Ganz schwarz sehen muß man also nicht für das ehemalige Bonner Postunternehmen, insbesondere auf dem deutschen Markt. Auch deshalb gehen die meisten Börsianer davon aus, daß die Emission der T-Aktie ein Erfolg werden wird. Zudem muß Geld in die marode Kasse der Telekom fließen, und die an der Börseneinführung beteiligten Banken wollen auch kräftig verdienen, heißt es. Da spielt es dann kaum noch eine Rolle, daß der Ausgabepreis der T-Aktie vielfach als überhöht angesehen wird. Ungemach könnte dem Unternehmen T-Aktie allenfalls noch von einer anderen, kaum zu beeinflußenden Größe drohen: Sollte es in den nächsten Tagen zu dem von vielen Fachleuten seit längerem erwarteten Crash an der überhitzten New Yorker Börse (was im übrigen auch für den Dax gilt) kommen, würde just zum Börsengang der Telekom eine allgemeine Kurskorrektur nach unten einsetzen.

T-Aktie: Die (zu teure) Katze im Sack kaufen?

Zur Schar der Kritiker, die den hohen Ausgabepreis der T-Aktie kritisieren, gehört auch der Börseninformationsdienst "Platow Brief". In einer Sonderausgabe zum Börsengang der Deutschen Telekom bewerteten die Platow-Analysten die T-Aktie mit lediglich rund 20 Mark. Bei einem angestrebten Preis von bis zu 30 Mark wird aber der Kauf des Papiers dennoch empfohlen, da kurz nach der Ausgabe der Kurs voraussichtlich steigen werde. Dann sollte die T-Aktie jedoch abgestoßen werden, bevor sie an Wert verliere, heißt es.

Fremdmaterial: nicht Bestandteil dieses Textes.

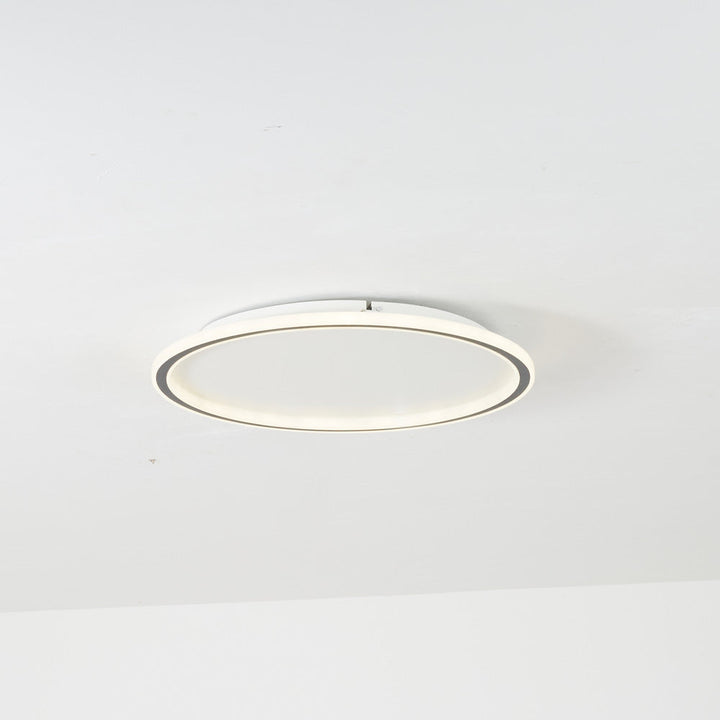Quasso Flush Mount Ceiling Lamp Modern LED Round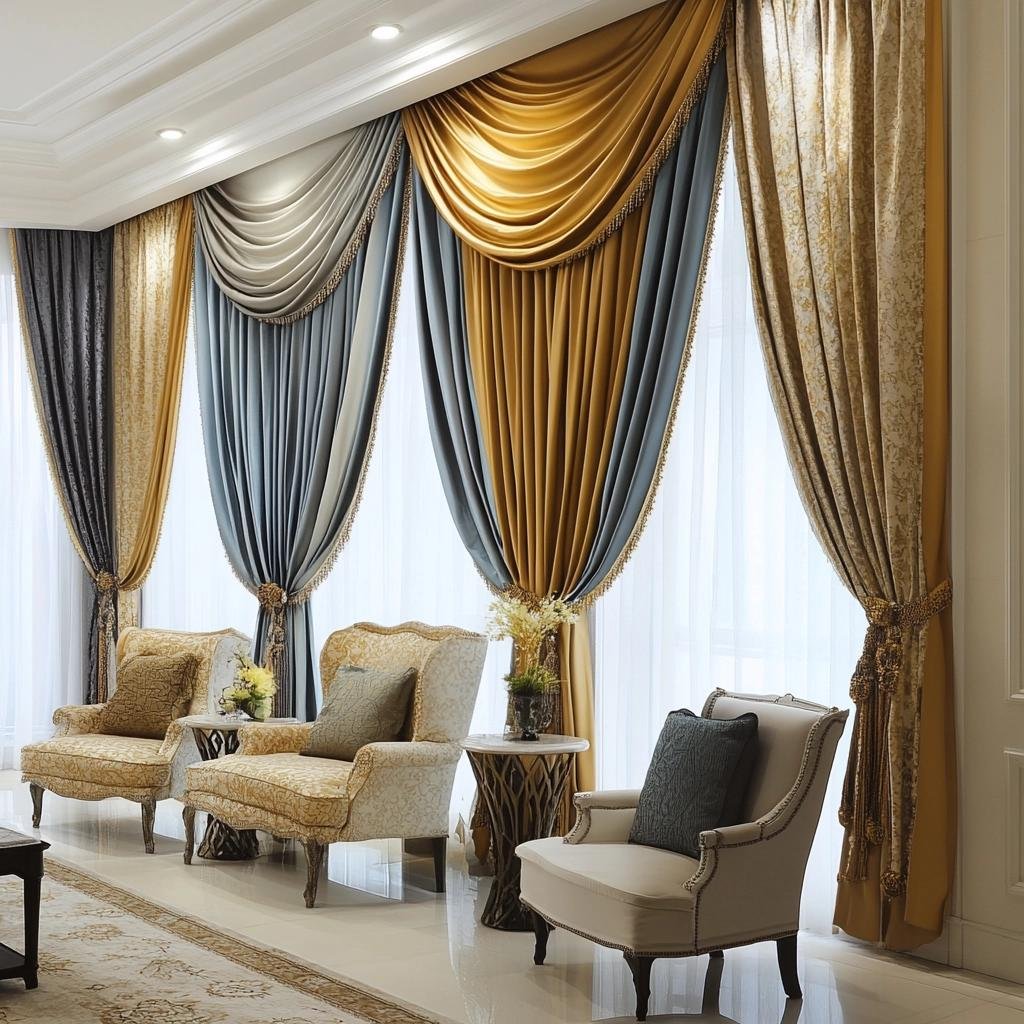 Cortinas para Sala: 6 Modelos Elegantes para Transformar Seu Espaço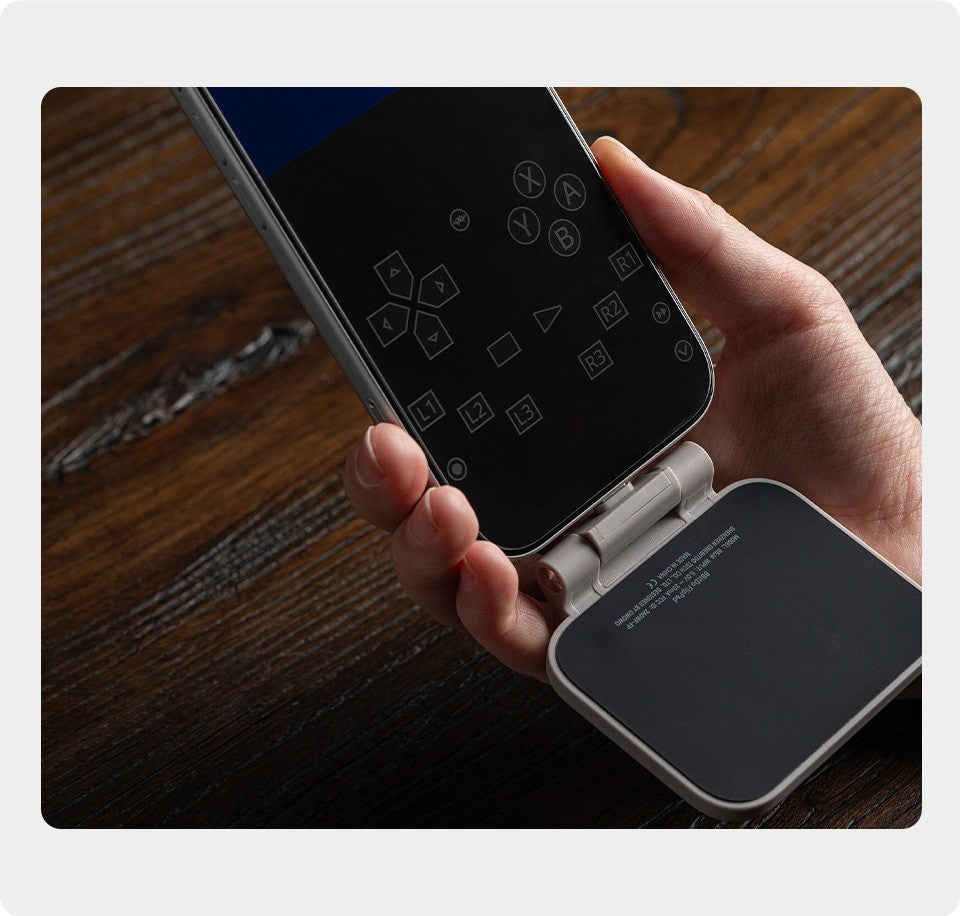 8BitDo FlipPad Mobile Gaming Controller for iPhone and Android, Flip-Style USB-C Gamepad for Vertical Mobile Gaming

Als "erklärungsbedürftig" bewertet der Platow Brief den von der Telekom erwarteten Gewinnanstieg um 36 Prozent bis zum Jahr 2000. Schließlich werde das ehemalige Staatsunternehmen mit der vollkommenen Freigabe des Wettbewerbs ab 1998 etwa 13 Prozent Marktanteil verlieren. Zudem sei im verschärften Wettbewerb ein Rückgang der Preise um rund fünf Prozent zu erwarten. Um seine Schulden bis zur Jahrtausendwende auf 65 Milliarden Mark zu senken, wolle das Unternehmen überdies seine Investitionen "drastisch kürzen". Damit investiere die Telekom aber in Zukunft, so die Analysten, deutlich weniger als etwa ihre europäischen Konkurrenten.

Den Anlegern wolle sich der Bonner Carrier durch Dividendenversprechen als "wahrer Goldesel präsentieren". Die zugesagten Ausschüttungen von 1,5 Milliarden Mark für 1996 und drei Milliarden Mark für 1997 versprechen eine unter den führenden deutschen Börsenwerten "beispiellose" Rendite. Allerdings liege die für dieses Jahr anvisierte Ausschüttung über dem nach Prognosen der Deutschen Morgan Grenfell überhaupt zu erwartendem Telekom-Gewinn. Da Privatanleger nach Lage der Dinge bei der Aktienzuteilung bevorzugt behandelt werden, dürften vermutlich institutionelle Anleger zunächst teilweise leer ausgehen. Da sie an dem von Anfang an im Deutschen Aktienindex (Dax) notierten Titel jedoch nicht vorbeikommen, müßten sie sich am freien Markt bedienen. Konsequenz laut Platow-Brief: "Steigende Kurse sind in den ersten Wochen vorprogrammiert."